A faithful copy is needed of the lines below from the one with "16 vector icon" up to and including the one with "Slim Fit Solid"; set it down with no pictures and no other lines.

Record extracts:

+--

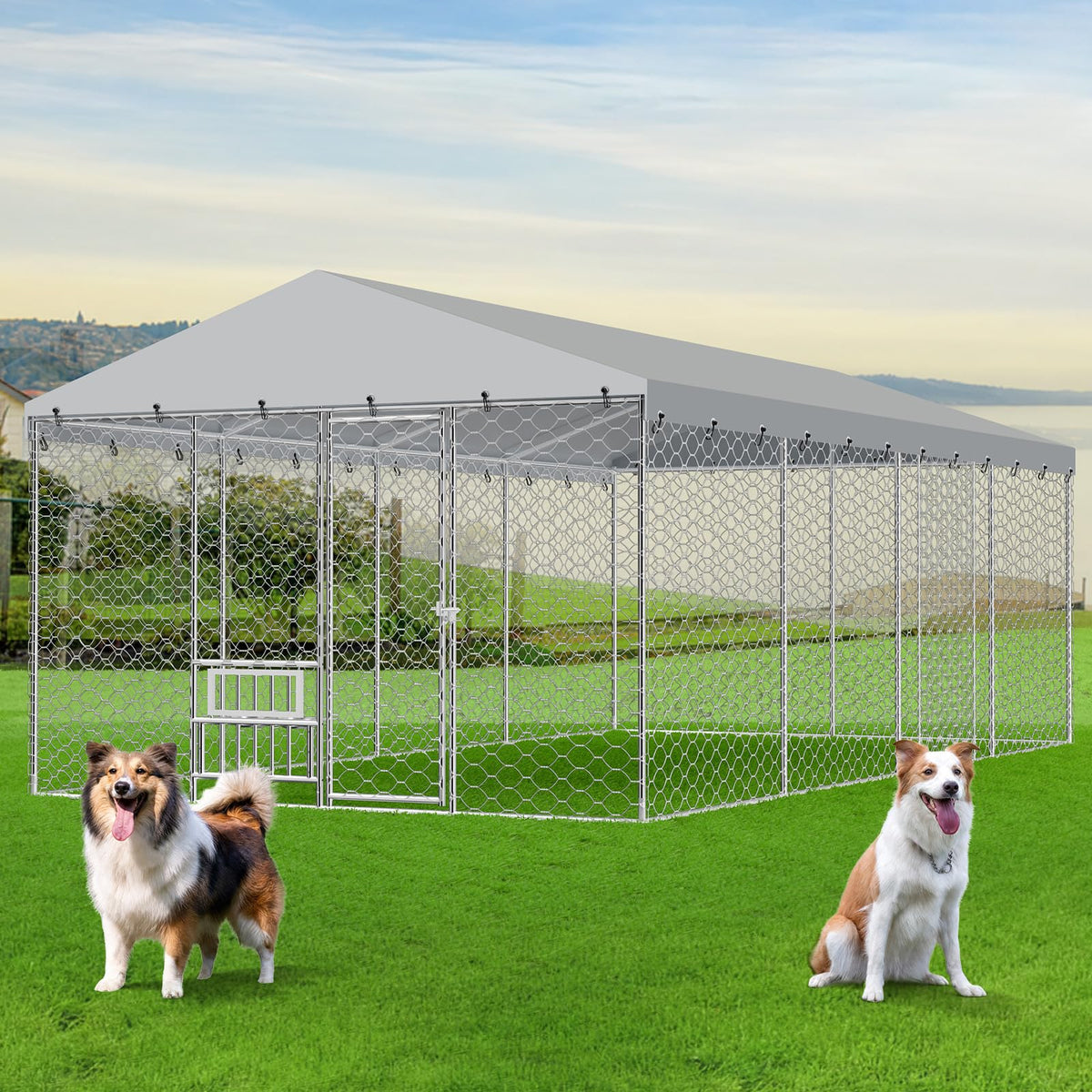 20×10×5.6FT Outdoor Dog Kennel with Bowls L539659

+--

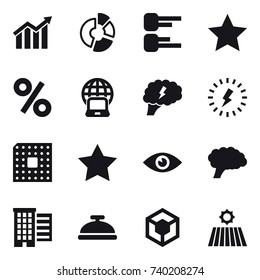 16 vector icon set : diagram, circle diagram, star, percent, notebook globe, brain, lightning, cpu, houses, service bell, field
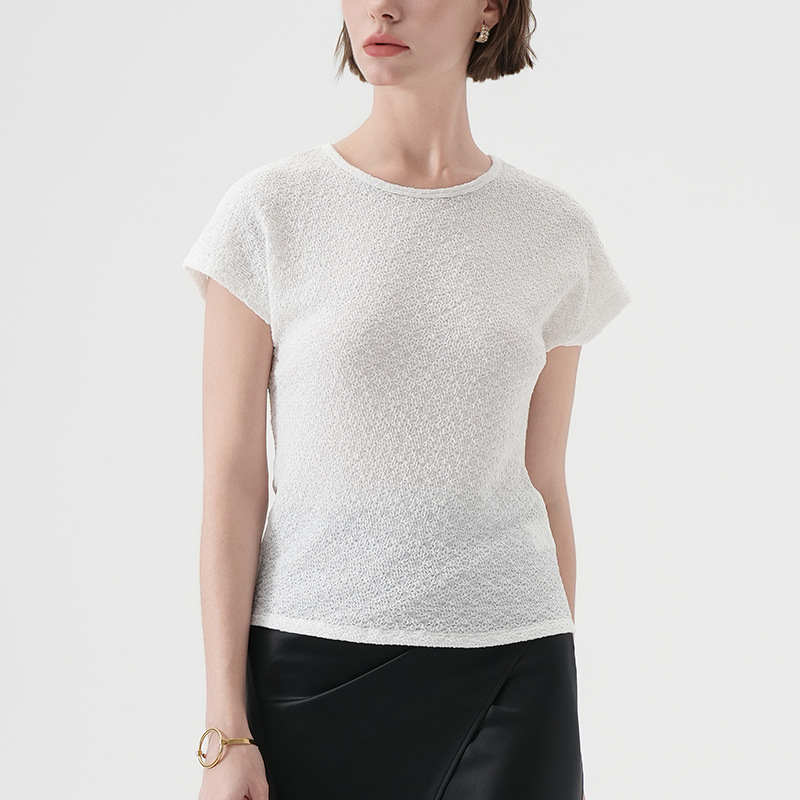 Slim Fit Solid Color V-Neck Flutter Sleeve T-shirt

+--

Exercise output:
 16 vector icon set : diagram, circle diagram, star, percent, notebook globe, brain, lightning, cpu, houses, service bell, field
 Slim Fit Solid Color V-Neck Flutter Sleeve T-shirt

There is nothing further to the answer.